*** Opening of Source material ***
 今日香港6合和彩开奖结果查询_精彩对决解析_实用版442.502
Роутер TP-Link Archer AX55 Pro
*** Close of Source material ***
*** Opening of Source material ***
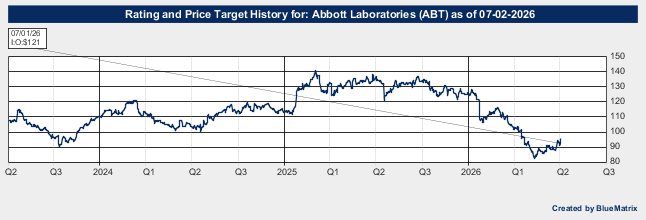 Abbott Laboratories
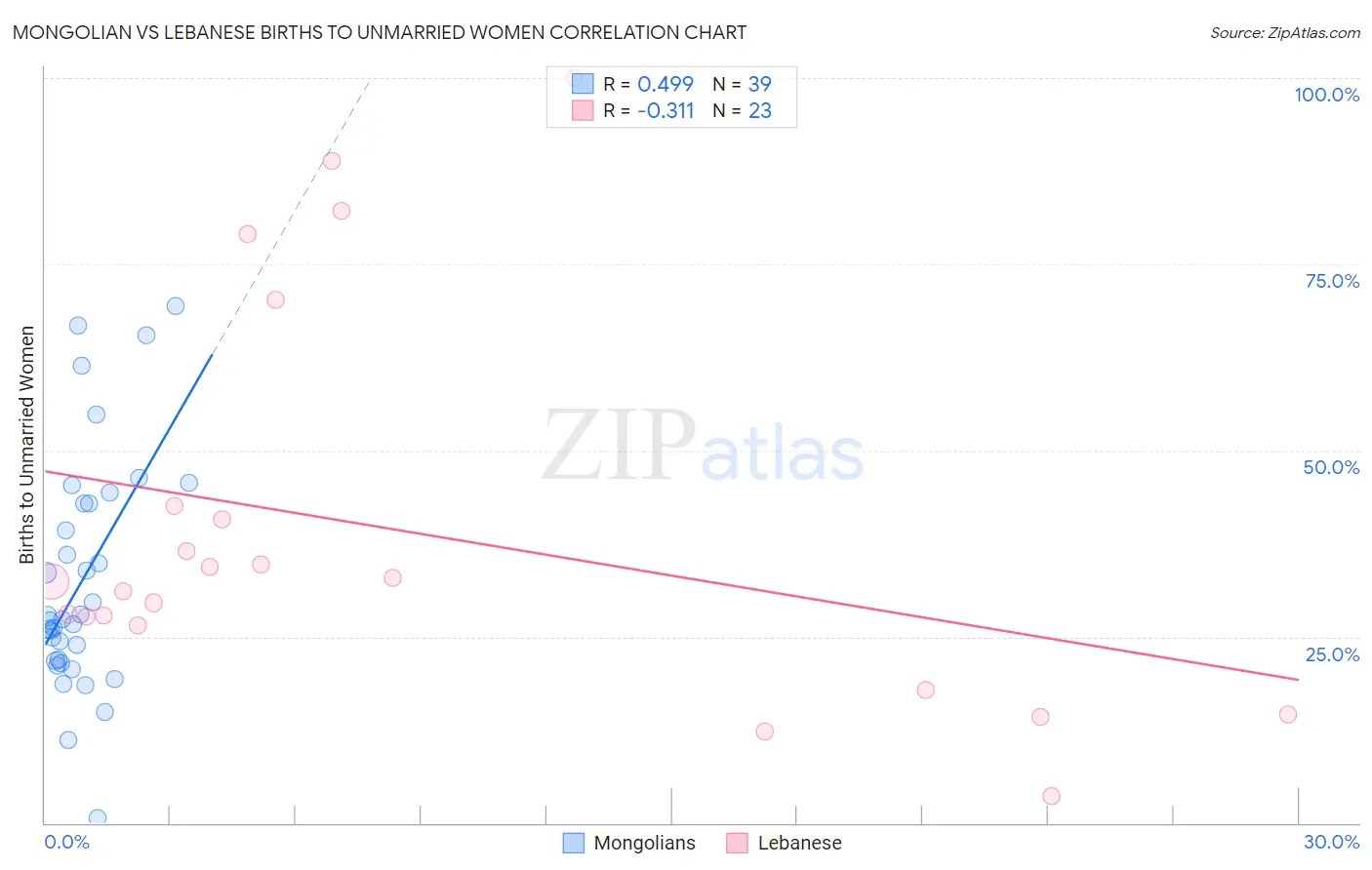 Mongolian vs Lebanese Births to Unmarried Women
*** Close of Source material ***
*Exercise*.
Copy the entries above exactly, but only from the line holding "今日香港6合和彩开奖结果查询_精彩对决解析_实用版442.502" through the line holding "Роутер TP-Link Archer AX55 Pro", both included.

*Task answer*.
 今日香港6合和彩开奖结果查询_精彩对决解析_实用版442.502
Роутер TP-Link Archer AX55 Pro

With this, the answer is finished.